What you should give back is a precise copy of the lines below from the one containing "Creative Multi-Colored Wine" through the one containing "Mini Melissa Mickey", with no pictures.

• _Data listing_
____________________
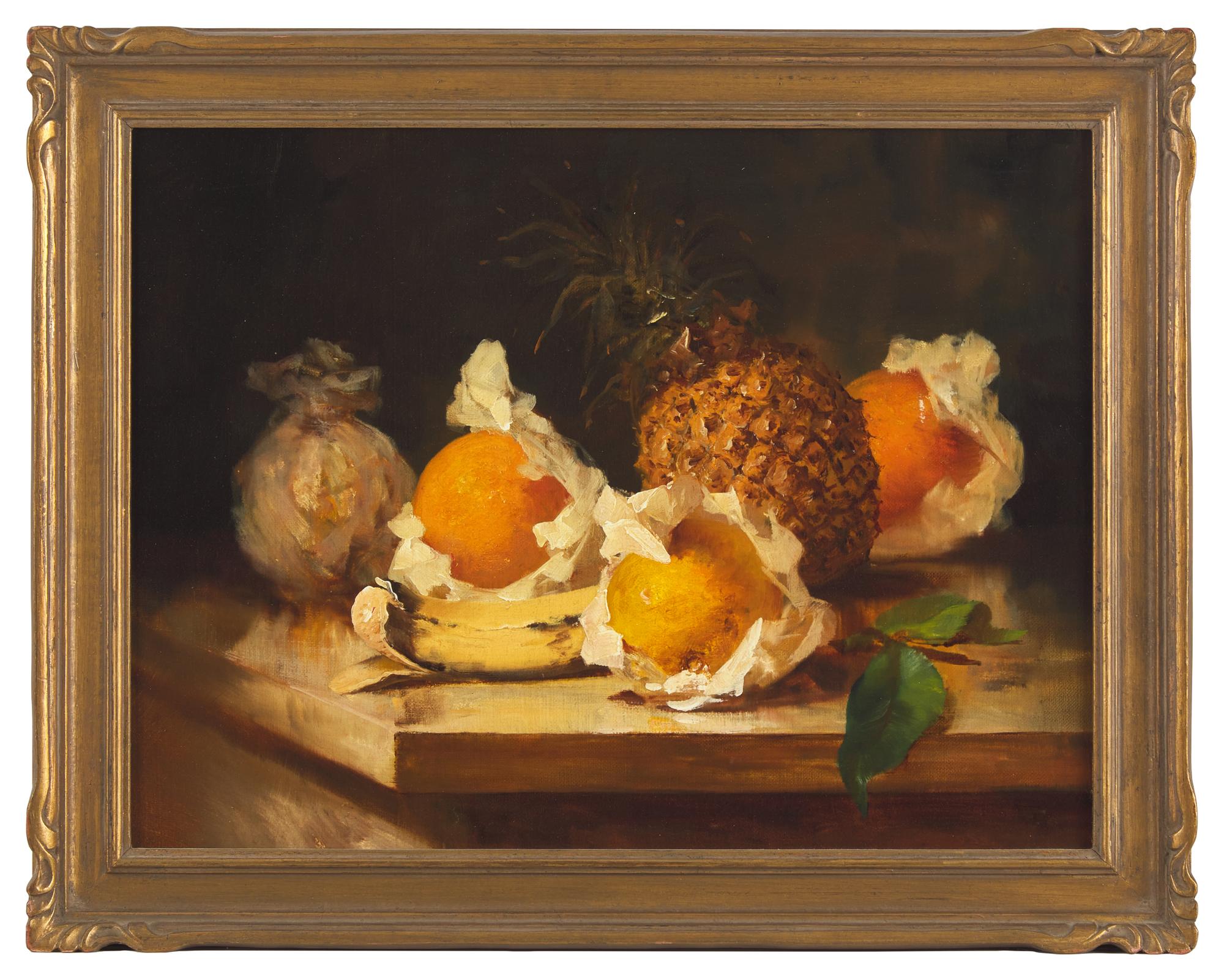 Still Life with Pineapple and Wrapped Oranges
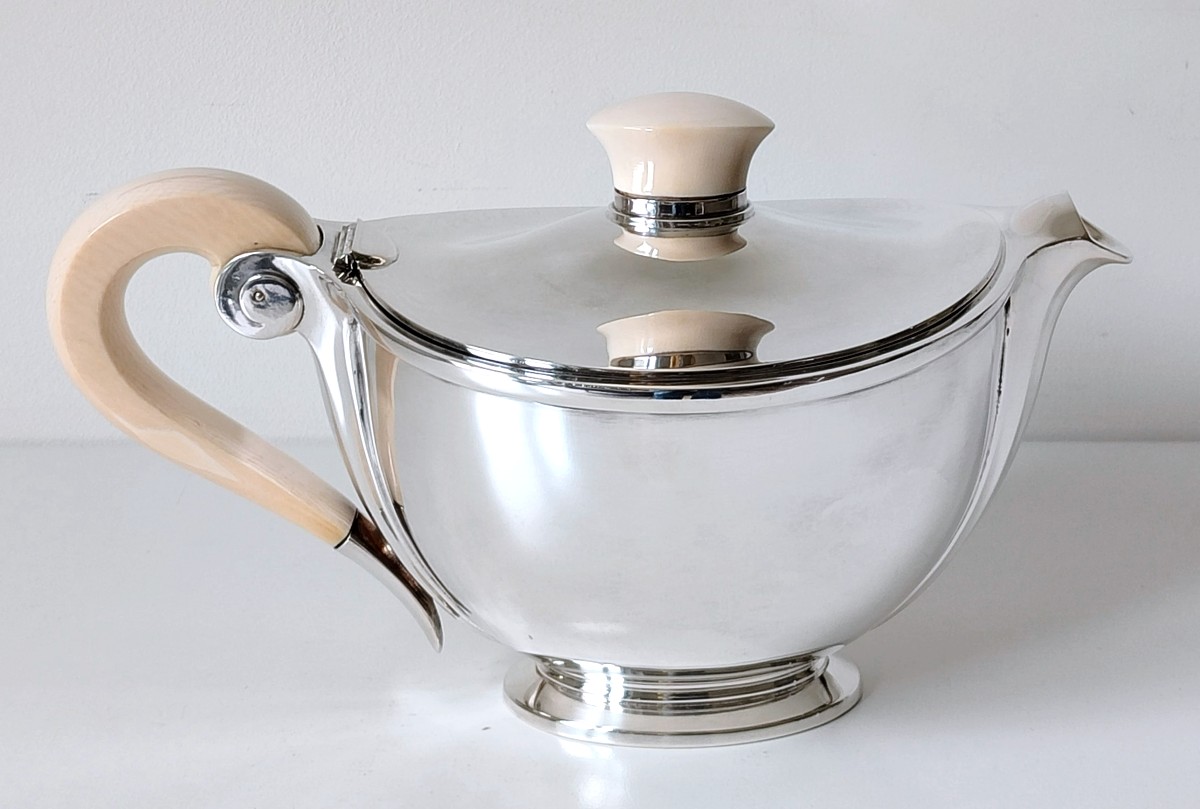 Art Deco Teapot In Solid Silver And Ivory Wolfers Model Méda-photo-3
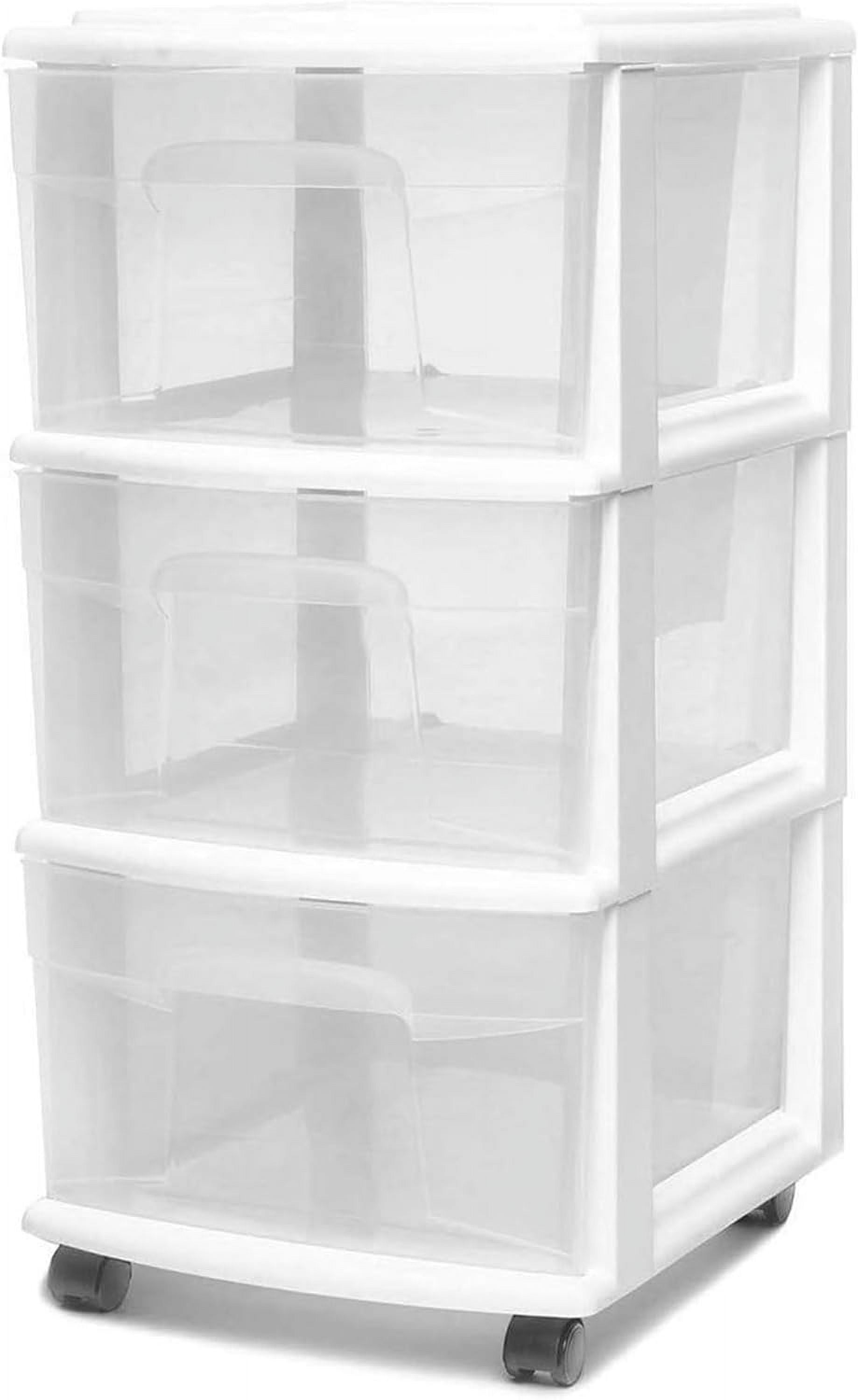 White 3-Drawer Plastic Storage Cart with Wheels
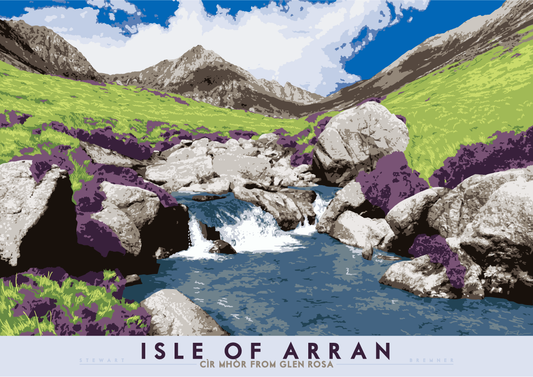 Isle of Arran: Cìr Mhòr from Glen Rosa – giclée print - yellow - Indy Prints by Stewart Bremner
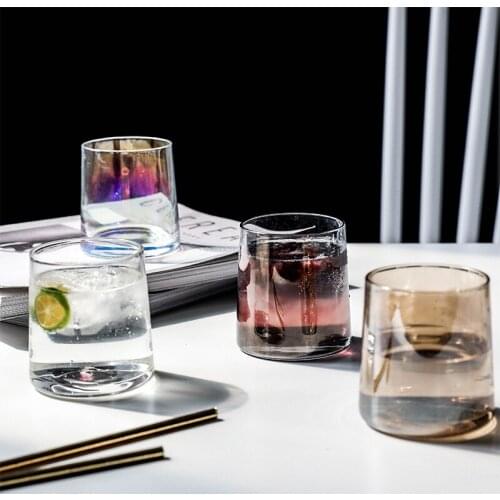 Creative Multi-Colored Wine Glass Whiskey Glasses Cocktail Brandy Glass Milk Juice Transparent Water Cups Home Kitchen Drinkware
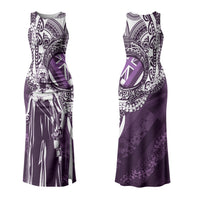 Hawaii Queen Liliuokalani Family Matching Tank Maxi Dress and Hawaiian Shirt Hawaiian Maile Lei Flag Style LT05 Mom's Dress Purple - Polynesian Pride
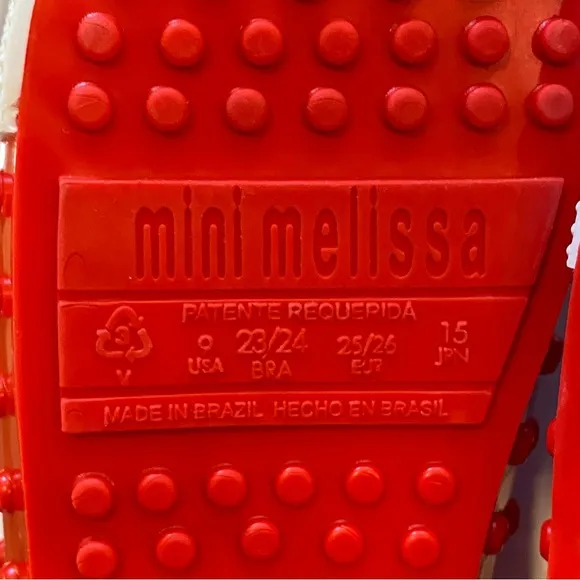Mini Melissa Mickey Mouse red white lace up sneakers rubber shoes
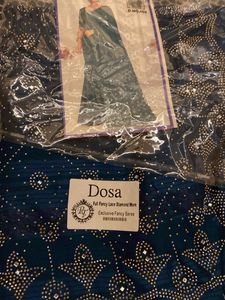 Elegant Blue Embellished Saree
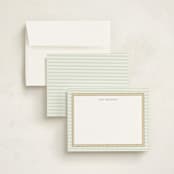 "Woven Pine" - Personalized Stationery Cards in Pine by Bayberry Kate - Assembled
____________________
• _Expected answer_
 Creative Multi-Colored Wine Glass Whiskey Glasses Cocktail Brandy Glass Milk Juice Transparent Water Cups Home Kitchen Drinkware
 Hawaii Queen Liliuokalani Family Matching Tank Maxi Dress and Hawaiian Shirt Hawaiian Maile Lei Flag Style LT05 Mom's Dress Purple - Polynesian Pride
Mini Melissa Mickey Mouse red white lace up sneakers rubber shoes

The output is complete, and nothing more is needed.